Later than any year since perhaps 1949.
The Fourth of July is traditionally the day Old Man Winter’s footprint is considered erased from the Eagle Cap’s trails — when they are finally clear enough of snow to make navigation possible without skis or snowshoes.
Not this year, though — not by a long shot.
Many of the trails are still choked with snow, a remnant of the hard, extended winter Northeast Oregon experienced. A season that, figuratively speaking, ran through June 10, when the region received extensive snowfall.
Snow is now rapidly melting. But at least a month likely remains before some areas will be clear.
“Higher trails on north-facing slopes may not be open until August,’’ said Bill McDowell of La Grande, a member of the Blue Mountain Back Country Riders, formerly known as the Blue Mountain Back Country Horsemen.
McDowell and other outdoorsmen agree that this is the latest trails have been closed by snow in the Eagle Caps in many years. Some people are saying that trails in the Eagle Caps have not been so clogged with snow this late since 1949.

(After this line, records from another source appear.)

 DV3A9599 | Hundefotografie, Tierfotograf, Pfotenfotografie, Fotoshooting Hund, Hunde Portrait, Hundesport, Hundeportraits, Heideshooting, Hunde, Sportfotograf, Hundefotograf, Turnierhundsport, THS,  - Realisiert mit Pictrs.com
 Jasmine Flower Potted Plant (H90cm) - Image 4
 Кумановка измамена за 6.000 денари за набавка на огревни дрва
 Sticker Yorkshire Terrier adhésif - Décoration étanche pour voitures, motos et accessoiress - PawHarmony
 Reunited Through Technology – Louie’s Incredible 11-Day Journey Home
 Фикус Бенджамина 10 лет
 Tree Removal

Fred Barstad of Enterprise, the author of many regional hiking books, said that most lakes in the Eagle Cap area are inaccessible because the snow line is at 7,000 feet. Virtually all Eagle Cap lakes are above 7,000 feet.

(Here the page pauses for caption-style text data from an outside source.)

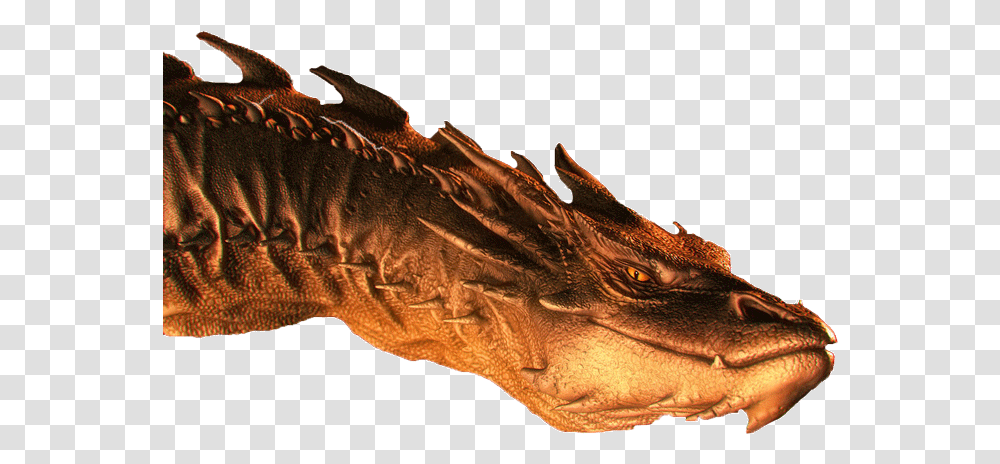 Smaug Hd Smaug Dragon, Lizard, Reptile, Animal Transparent Png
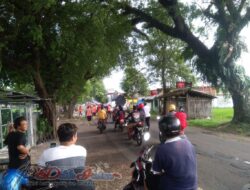 Antisipasi Pohon Tumbang Pasukan Oranye Pangkas Pohon Di Jalan Raya Walikukun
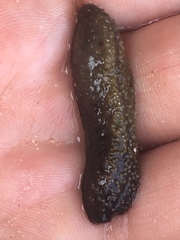 Holothuria lubrica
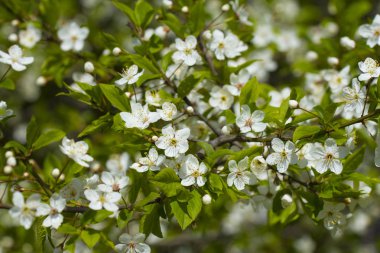 Beyaz kiraz çiçekleri 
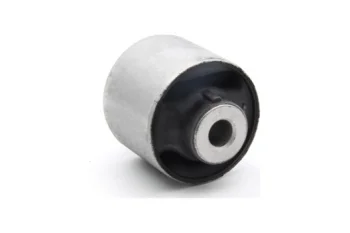 SALINCAK BURCU ON IC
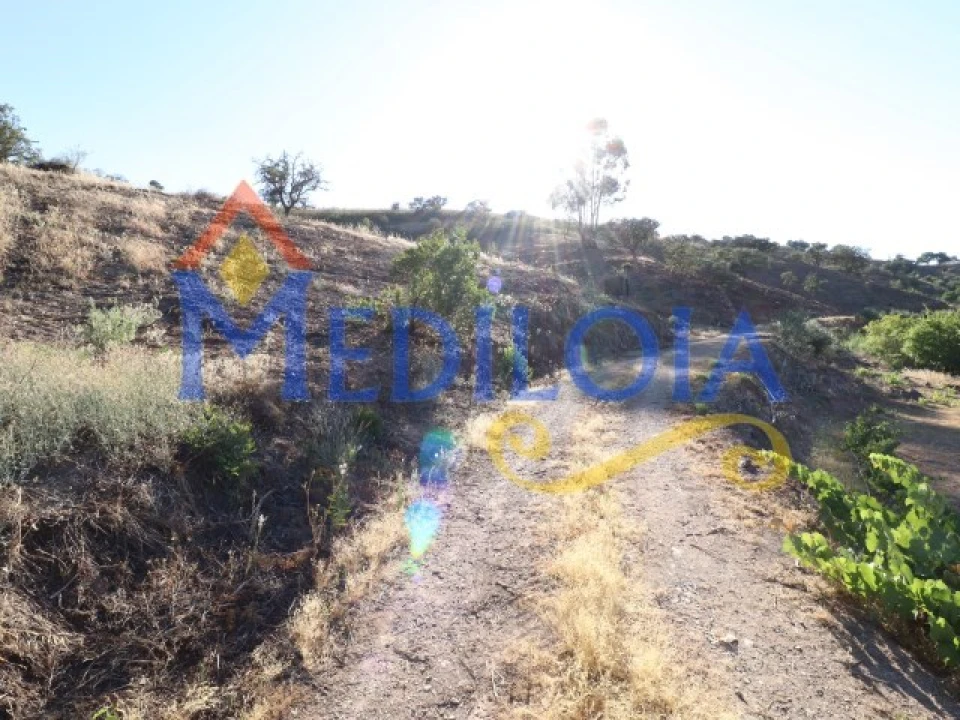 Terreno para Venda em Tavira (Santa Maria e Santiago) Foto 8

Conditions are further exasperated by stream flows unusually high for this time of year because of a late snow melt, Bardstad said. Many trails are inaccessible because the streams are impossible to cross.
Taking stock animals across high streams is not a good idea. People taking horses and mules over snow are putting them at risk, McDowell emphasized.
He explained that snow is now hard on top but often soft below because it is being eroded by water. Stock animals can seriously injure themselves by falling through and then struggling to get out of the snow.
Dick Walker of Union, also a member of the Blue Mountain Back Country Riders, agrees that snow poses a significant hazard for stock animals this time of year. People can be deceived because they can easily walk on the snow but their heavier stock animals can’t.
Walker said snow is usually not a problem for stock animals in the late fall and early winter when it is softer and they can easily step through it.
Conditions are also poor for stock animals because there is little for them to eat, McDowell said. Grasses and other vegetation have been slow to appear because of extended winter-like conditions.
Once things green up, snow disappears and stream levels fall, conditions will still be far from ideal. Many trees are blocking trails in the Eagle Cap due to intense windstorms during the fall and winter.
Walker said that in some areas there are 25 downed trees within a 250-foot-long area.
He attributes this in part to “freak wind patterns’’ during storms in recent years.
Walker has mixed feelings about the snow that remains on the trails. While bad for trail use, the snow is providing badly needed moisture.
“It’s good for the environment. It’s recharging the aquifer,’’ he said.